■ ACTIVITY
Copy, from the listing, every line in which the string "Avenue" is present.

■ GIVEN INFORMATION
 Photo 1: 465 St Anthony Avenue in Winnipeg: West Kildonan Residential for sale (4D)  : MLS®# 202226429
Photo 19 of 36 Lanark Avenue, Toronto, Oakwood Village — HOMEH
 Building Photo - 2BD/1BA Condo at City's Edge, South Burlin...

■ ANSWER FOR THIS EXERCISE
 Photo 1: 465 St Anthony Avenue in Winnipeg: West Kildonan Residential for sale (4D)  : MLS®# 202226429
Photo 19 of 36 Lanark Avenue, Toronto, Oakwood Village — HOMEH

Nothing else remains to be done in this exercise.